In the example presented, the path found was $A \to F \to E \to Z$ due to the lower accumulated costs along those edges. However, this result is not fixed. Changes in weights can lead to completely different decisions. If $F$ is connected to multiple edges $F_1, F_2, \ldots, F_n$ with distinct weights, an imbalance in those values can turn a previously viable path into an inferior option, redirecting the search to another route.
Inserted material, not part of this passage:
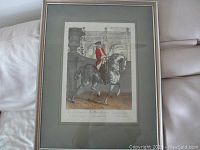 Full view of framed large European soldier engraving/etching print showing soldier on horse with architectural background.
The algorithm does not “choose” paths in a human sense — it responds directly to variations in weights. This is exactly what happens when you ignore Google Maps’ recommendation and decide to take a different route. In doing so, the system is not just “suggesting another route”: it is essentially restarting the calculation from a new state in the graph. Your new position becomes the new source node, and the algorithm recalculates accumulated costs for all possible paths — with the same weights, now potentially updated by variables such as traffic or road conditions.

Mathematical Formulation

The problem Dijkstra solves can be synthesized in one equation and one sentence [6]:

Find the minimum accumulated cost between a node $A$ and a node $Z$.

\text{dist}(Z) = \min_{P \in \mathcal{P}(A,Z)} \sum_{(u,v) \in P} w(u, v)

where:

$\mathcal{P}(A, Z)$ = set of all paths from $A$ to $Z$
$w(u, v)$ = weight of the edge between $u$ and $v$
$P$ = a specific path in the graph

And the core of the algorithm can be reduced to a single operation:

\text{dist}(v) = \min\bigl(\text{dist}(v),\ \text{dist}(u) + w(u, v)\bigr)

Conclusion

The premises that make Dijkstra’s algorithm one of the most prominent for the shortest path problem from $A \to Z$ lie in the elegance with which it solves a complex question in a surprisingly simple way: comparing node weights systematically and always prioritizing the lowest known accumulated cost.

From a computational complexity standpoint, the algorithm’s performance depends directly on the data structure used for the priority queue. With a binary heap implementation, the complexity is:

O\bigl((V + E) \log V\bigr)

where $V$ is the number of vertices and $E$ the number of edges in the graph. With a Fibonacci heap, this bound can be reduced to $O(E + V \log V)$ — relevant in dense graphs. In the most naive implementation, without a heap, the complexity is $O(V^2)$, which becomes prohibitive as the graph grows.

It is precisely this balance between correctness and efficiency that makes Dijkstra’s method applicable on a large scale. Every time Google Maps recalculates your route, every time a data packet chooses the most efficient path on a network, every time a game character finds the shortest route to their destination—there is, at some level, the same idea conceived in twenty minutes on the terrace of a café in Amsterdam. What Dijkstra did was transform a seemingly unsolvable problem into a sequence of simple, local decisions that, together, guarantee the global optimum.